When and Where Religion is Useful

When and Where Religion is Useful

I wrote this for an online discussion for one of my classes. The prompt was about how religion helps maintain stability in societies.

I think in small, non-literate societies, religion is useful for stabilizing the society and perpetuating the culture. Some of its institutions can facilitate education by traumatizing children enough that they remember everything they’re taught. It puts a name on shared beliefs and values and gives people something in common and a reason to gather and work together. It also incorporates myths about how and why the natural world works for people who don’t know or understand the scientific explanations, and addresses the supernatural, which natural science can not explain or prove even exists. It can also placate oppressed, enslaved, or disadvantaged members of the society by providing them with hope of a better afterlife, which keeps them in their place and helps keep the society stable by preventing them from revolting.

In large industrialized Western societies, though, I think it is much less useful, and can cause more discord than unity. In America, for example, education is easily handled without using religion to traumatize students; most Americans share beliefs in freedom and equality even if they don’t believe in the same god; there are enough common interest groups for people to have reasons to get along and work together outside of religion; and modern science has explained most of the occurrences explained by myths. The only thing not addressed is the supernatural, which, based on my observations, seems to be less important in our material society. If everyone is equal, then everyone has the ability and freedom to better his or her life on earth, and so doesn’t need to toil on earth in hopes of a better afterlife. Personally, I don’t believe in the supernatural, and feel little need for it. Also, in the U.S., there is such a variety of religious beliefs that if the government were to endorse any one, it would run the risk of alienating the majority of the population, and it would infringe on the freedoms that the country was founded on.
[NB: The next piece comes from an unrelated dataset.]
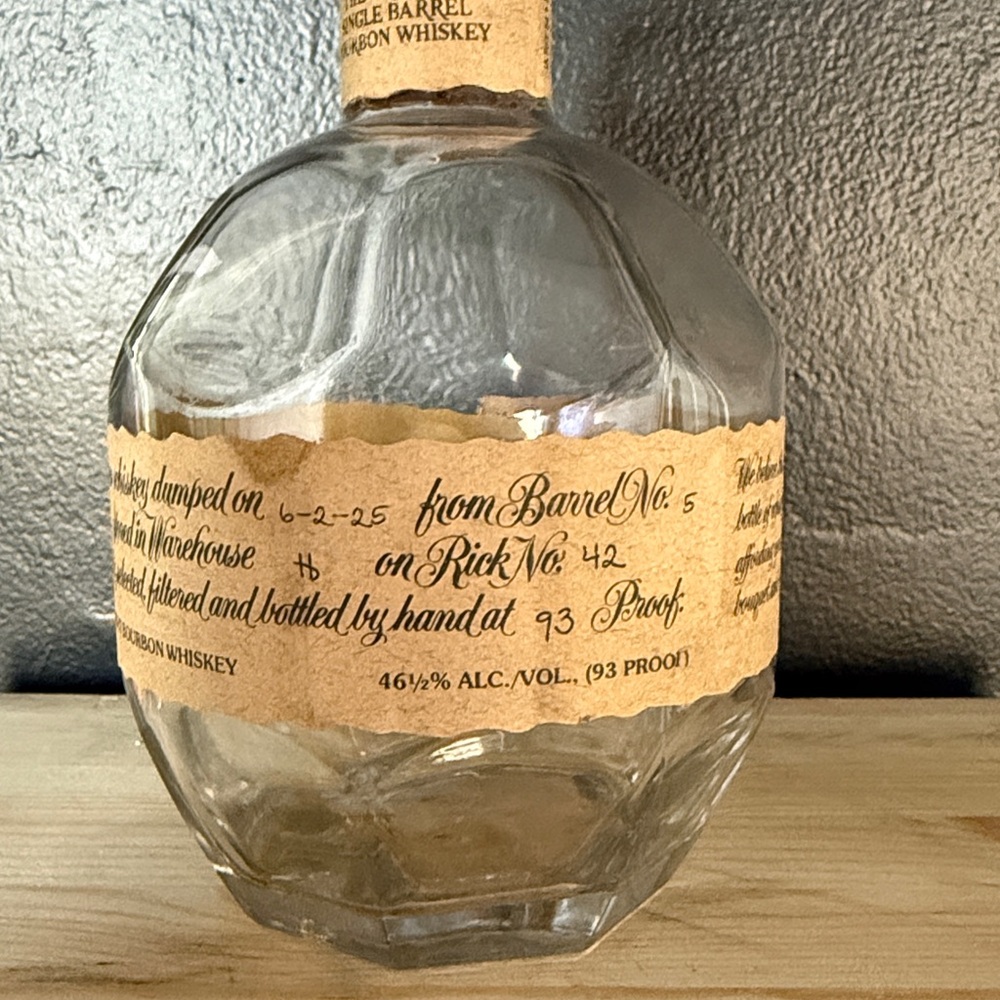 Blanton's Single Barrel Bourbon Whiskey Letter “A” EMPTY BOTTLE & Velvet Bag - Picture 3 of 6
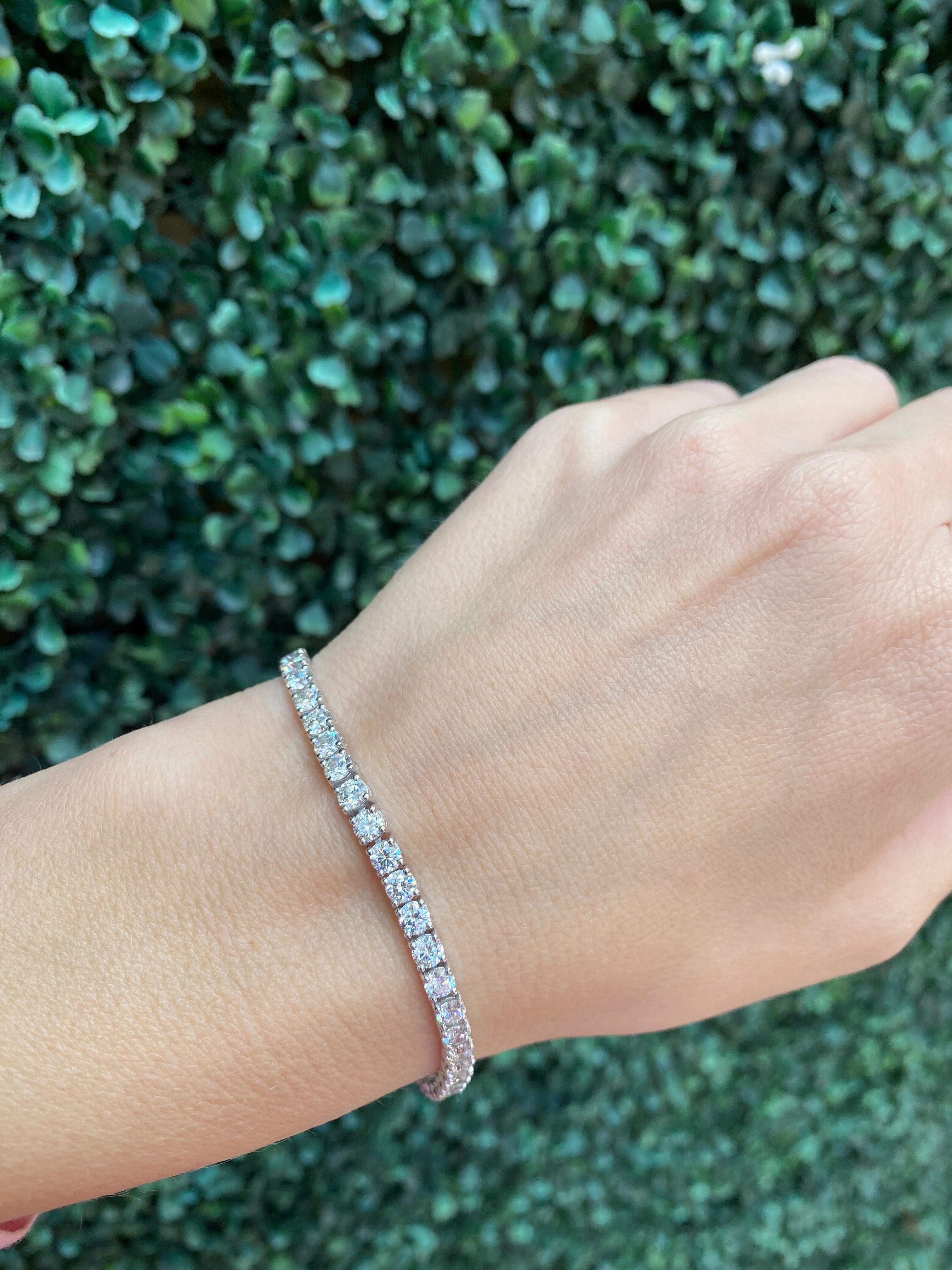 Bracciale tennis in oro bianco 14 carati con diamanti rotondi da 3,03 carati di peso totale in vendita 12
As far as providing a moral code is concerned, most religions have similar enough basic rules (don’t kill each other, help your neighbor, don’t lie, etc.), that I think morals developed before religion, and religion just incorporated them. You don’t not kill people because some religious text says not to, you don’t kill people because you’ll be ostracized by the group if not killed by someone else. You help your neighbors because if you’re nice to them, they’ll probably reciprocate when you need it. You don’t lie or steal because it damages social relationships.